DIY: Album na zdjęcia

 Moja mama jest dla mnie kimś bardzo ważnym.Nie potrafię wyobrazić sobie życia bez niej.Kocha mnie bezgranicznie, pomaga mi stanąć na nogi, kiedy popełniam w życiu błędy, uczy mnie jak kochać i akceptować samą siebie.Pokazuje mi jak cieszyć się drobnostkami.Z moją mamą mam bardzo dobry kontakt.Dużo rozmawiamy, czujemy sie dobrze w swoim towarzystwie, mama wielokrotnie powtarza, że jestem dla niej jak przyjaciólka.Bywały momenty, kiedy nie potrafiłyśmy się dogadać i wciąż się tak zdaża, ale najważniejsze, że mimo tych kryzysów pozostajemy przy sobie.Matka i córka.

 Ponieważ od dawna chciałam wykazać się w DIY(uwielbiam kreatywne myślenie), a moje relacje z mamą się polepszyły i nie mogę się nadziwić ile mama w ostatnim czasie poświęciła na mnie nerwów, to przez ten podarunek, chcę szczególnie podkreślić, że doceniam to.
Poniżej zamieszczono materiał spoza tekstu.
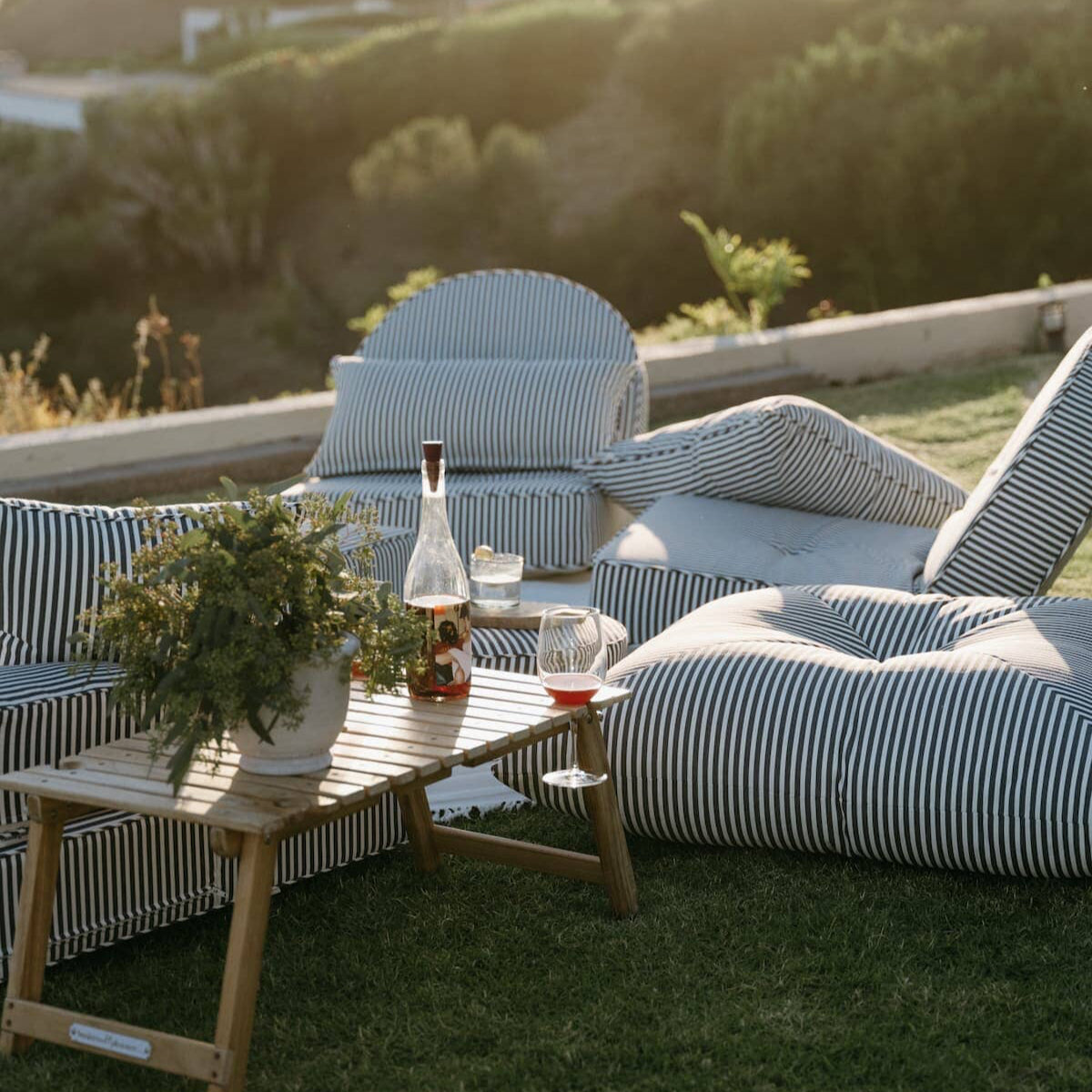 outdoor picnic setting featuring reclining lounger and floor pillow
 Mam nadzieję, że spodoba Wam się ten pomysł :) Oczywiście najpierw należy wybrać zdjęcia, ja zdecydowałam sie na te z rodzinnych podróży do Francji i Włoszech.Następnie udałm się do fotografa, by je wywołać i wybrać album, po czym kupić koronkę w pasmanterii i tak powstało to cudeńko :)






środa, 16 kwietnia 2014

Hello Spring

 Witajcie wszyscy, naszła mnie ochota, aby dzisiaj napisać wam o nowościach, które przyniosła ze sobą wiosna(nie tylko materialnych) :)
Ostanio przeglądałam stronę Pinetrest i wszystkim kreatywnym osobą ją polecam.Znajdziecie tam pełno inspiracji do DIY.Tym samym postanowiłam odświerzyć moją szafę, wybrałam jasne kolory i ulubione wzory, a także zaczynam moja przygodę z Handemade.
Wiosna to chyba moja ulubiona pora roku, chocia w każdej znajduję coś magicznego, jednak nie da się ukryć, że najlepiej czuję się na wiosnę.

Taam-taram moja pierwszya bransoletka z muliny i  własnoręcznie wycięte szorty,jeszcze parę detali i będzie świetnie :)




Wiosna przyniosła ze sobą same miłe wydarzenia.W zeszłym tygodniu udało mi sie zorganizować nockę z ukochanymi przyjaciółkami, a na weekend wyjechałam do rodziny nad morze.Taki wypoczynek to ja rozumiem! Bardzo sie cieszę, że udąło mi się zobaczyć polskie morze, w tym roku już nie będę miała raczej takiej okazji.







Trzymajcie za mnie kciuki na egzaminach gimnazjalnych!